Ride Sharing Services and Insurance
Posted on March 2014
Typically, when you think of a cab, you think of a yellow car or van with a taxi sign on top, but that image may not be the same for very much longer. The sources of transportation are increasing as a new wave of “independent” cab drivers affiliated with ride sharing services like Uber and Lyft are allowing individuals to earn money by using their personal vehicles to pick up “fares”.
These ride sharing services are not only giving traditional cab drivers a run for their money, but are causing concerns about the regulation of these services. Regulated taxi services have rules in place to designate policies for charging fares, resolving complaints, and insurance coverage. These services are not regulated like traditional taxis. Traditional cabs are generally required to carry insurance to protect against liability that could arise from motor vehicle accident injuries that involve passengers, pedestrians, and people in other vehicles.

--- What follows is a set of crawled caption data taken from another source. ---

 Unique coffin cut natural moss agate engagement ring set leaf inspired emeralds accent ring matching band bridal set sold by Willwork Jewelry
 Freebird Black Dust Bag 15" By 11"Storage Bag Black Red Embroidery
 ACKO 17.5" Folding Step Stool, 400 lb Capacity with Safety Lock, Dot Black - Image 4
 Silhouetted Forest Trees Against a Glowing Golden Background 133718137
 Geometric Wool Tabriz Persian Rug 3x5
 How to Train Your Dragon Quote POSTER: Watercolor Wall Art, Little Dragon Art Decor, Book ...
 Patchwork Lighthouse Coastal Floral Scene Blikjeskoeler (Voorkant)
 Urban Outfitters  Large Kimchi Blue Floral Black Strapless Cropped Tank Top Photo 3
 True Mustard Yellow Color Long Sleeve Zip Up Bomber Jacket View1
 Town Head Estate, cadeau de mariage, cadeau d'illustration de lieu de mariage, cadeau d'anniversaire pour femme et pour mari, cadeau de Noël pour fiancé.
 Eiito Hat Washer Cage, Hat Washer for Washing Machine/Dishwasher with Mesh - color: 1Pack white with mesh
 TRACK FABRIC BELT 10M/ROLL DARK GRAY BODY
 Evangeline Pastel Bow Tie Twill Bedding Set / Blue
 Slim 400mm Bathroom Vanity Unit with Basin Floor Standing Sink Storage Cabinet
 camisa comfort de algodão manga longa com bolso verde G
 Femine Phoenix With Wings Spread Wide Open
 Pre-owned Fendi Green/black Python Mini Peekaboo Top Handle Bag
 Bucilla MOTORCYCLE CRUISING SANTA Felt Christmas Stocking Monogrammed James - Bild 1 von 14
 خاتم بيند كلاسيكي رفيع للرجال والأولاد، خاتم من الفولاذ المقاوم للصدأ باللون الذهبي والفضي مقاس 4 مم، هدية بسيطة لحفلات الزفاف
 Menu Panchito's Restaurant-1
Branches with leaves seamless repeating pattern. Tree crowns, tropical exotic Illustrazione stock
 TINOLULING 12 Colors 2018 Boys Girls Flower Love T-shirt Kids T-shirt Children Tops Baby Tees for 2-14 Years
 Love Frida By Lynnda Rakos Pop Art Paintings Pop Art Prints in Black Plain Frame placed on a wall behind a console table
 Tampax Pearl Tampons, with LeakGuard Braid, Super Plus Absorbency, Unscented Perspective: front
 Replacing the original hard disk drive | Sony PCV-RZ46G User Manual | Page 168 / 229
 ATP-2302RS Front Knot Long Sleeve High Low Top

Ride sharing services do have insurance but there have already been incidents that illustrate the concern for regulating ride sharing services. For instance, a driver of a ride sharing service struck and killed a pedestrian last year. Unfortunately, there was controversy over insurance coverage for the incident because the ride sharing vehicle was in between fares at the time and the insurance agreement did not include coverage for incidents that occurred in between fares.
Since this incident, there have been changes in the ways that ride sharing services are insuring drivers and fares, but the services remain unregulated. As these services gain popularity and continue to operate in more and more places, there will be additional questions about how they should be monitored. It will certainly be interesting to see how different states and cities weigh in on this issue.